The most recent ceasefire deal promises international and United Nations support for the Lebanese Army. Lebanon’s caretaker government has already begun recruitment processes in anticipation of Israeli withdrawal. Yet, as the LAF’s experience in the 1980s indicates, there is little hope for an army functioning without a government. Given the international community’s reluctance to address Lebanon’s ongoing political and economic crises – which predate the Israeli invasion of October 2024 – there is ample reason for scepticism about the LAF’s ability to enforce the terms of the ceasefire.

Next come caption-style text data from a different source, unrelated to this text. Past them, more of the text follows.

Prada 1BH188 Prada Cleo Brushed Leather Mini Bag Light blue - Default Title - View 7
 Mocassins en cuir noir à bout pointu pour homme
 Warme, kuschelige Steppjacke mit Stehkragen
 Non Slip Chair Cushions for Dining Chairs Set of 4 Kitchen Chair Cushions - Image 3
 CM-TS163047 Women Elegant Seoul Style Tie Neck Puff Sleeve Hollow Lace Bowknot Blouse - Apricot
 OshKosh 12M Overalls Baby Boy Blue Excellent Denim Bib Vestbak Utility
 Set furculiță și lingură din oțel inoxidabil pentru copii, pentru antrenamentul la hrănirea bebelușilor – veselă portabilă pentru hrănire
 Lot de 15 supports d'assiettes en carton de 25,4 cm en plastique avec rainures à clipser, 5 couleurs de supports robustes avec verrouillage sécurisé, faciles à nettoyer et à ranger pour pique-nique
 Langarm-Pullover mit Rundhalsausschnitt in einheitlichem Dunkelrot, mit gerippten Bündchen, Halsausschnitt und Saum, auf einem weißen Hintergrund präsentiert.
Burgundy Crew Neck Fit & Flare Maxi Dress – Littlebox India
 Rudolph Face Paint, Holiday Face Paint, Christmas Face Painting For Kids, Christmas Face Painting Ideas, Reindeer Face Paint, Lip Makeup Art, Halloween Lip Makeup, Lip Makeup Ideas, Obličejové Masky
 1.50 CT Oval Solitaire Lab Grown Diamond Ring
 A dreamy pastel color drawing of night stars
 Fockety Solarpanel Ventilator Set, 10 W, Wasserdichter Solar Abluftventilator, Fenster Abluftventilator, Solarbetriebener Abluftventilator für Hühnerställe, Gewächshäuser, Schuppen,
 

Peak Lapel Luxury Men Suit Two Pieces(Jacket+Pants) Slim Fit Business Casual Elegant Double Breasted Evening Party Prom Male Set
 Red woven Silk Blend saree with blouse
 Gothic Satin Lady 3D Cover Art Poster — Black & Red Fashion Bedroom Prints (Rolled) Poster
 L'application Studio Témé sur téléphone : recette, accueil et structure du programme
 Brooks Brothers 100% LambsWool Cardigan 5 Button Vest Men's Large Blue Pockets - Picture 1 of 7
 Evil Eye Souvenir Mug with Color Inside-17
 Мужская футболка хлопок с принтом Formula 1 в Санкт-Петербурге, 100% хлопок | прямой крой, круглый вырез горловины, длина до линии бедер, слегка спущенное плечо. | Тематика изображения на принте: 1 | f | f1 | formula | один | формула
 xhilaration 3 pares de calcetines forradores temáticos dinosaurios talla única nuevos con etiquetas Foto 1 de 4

Another concerning aspect of the ceasefire deal is Hochstein’s rapid pivot toward Gaza. He, and other US officials, have indicated optimism that the Hizbollah deal will bring Hamas to the negotiating table for a hostage release deal. This, too, has strong historical resonance. In September 1982, after Philip Habib’s herculean efforts produced a ceasefire in Lebanon, the Reagan administration announced a widespread plan for peace between Israel and the Palestinians. Shifting resources and attention away from Lebanon, the White House pulled US Marines out of Beirut, where they had been enforcing Habib’s ceasefire. Within days of their withdrawal, Lebanon’s president-elect was assassinated, Israeli troops swept into West Beirut, and one of the Lebanese Civil War’s bloodiest massacres unfolded in the Sabra and Chatila refugee camps. The Marines returned to Beirut, less than two weeks after they had left.
While Hochstein’s pivot away from Lebanon will not produce the same dire consequences as that of the Reagan White House, it is nevertheless suggestive of a certain path-dependency in US thinking about Lebanon. Lebanon’s crises, which are certainly tied to broader regional crises, merit their own specific, sustained attention from both the White House and the international community. Announcing a ceasefire has a way of diverting attention, rather than building it.
Speculating about the future in the Middle East is a foolish endeavour. Nevertheless, there are suggestive developments afoot that hint at what might happen in two months, when the deal expires.
Tehran can be expected to develop new strategies for influence. Iran is on the backfoot after Israel wiped out Hizbollah’s leadership and middle-tier officer cadre in Lebanon. Developments this week in Syria also suggest that Iran’s influence is waning in Damascus – despite the fact that Assad relies on Iranian troops to maintain his chokehold on power.
The Israeli withdrawal from South Lebanon – which will not unfold peacefully – will provide Iran with many opportunities to rebuild its influence. Historically, Israeli withdrawals from the region have produced circumstances ripe for exploitation by extremist groups. The longer the process takes, the more opportunities will arise.
Both Israel and Iran expect the incoming Trump Administration to further reduce US involvement in the Middle East. It is likely that Israeli Prime Minister Benjamin Netanyahu expects Trump’s White House to ‘bully’ the International Criminal Court into rescinding its arrest warrants for Netanyahu and former Minister of Defence Yoav Gallant.
With a virtually free hand in the region, Netanyahu can be expected to act on his new defense minister Israel Katz’s threat to make ‘no distinction’ between Lebanon and Hizbollah if there are ceasefire violations. That distinction – which Netanyahu and the IDF general command already blur quite liberally – has kept Israel from unleashing the full force of its military on Beirut. Without it, Lebanon’s long, stutter-stepping ceasefires may come to a more permanent end.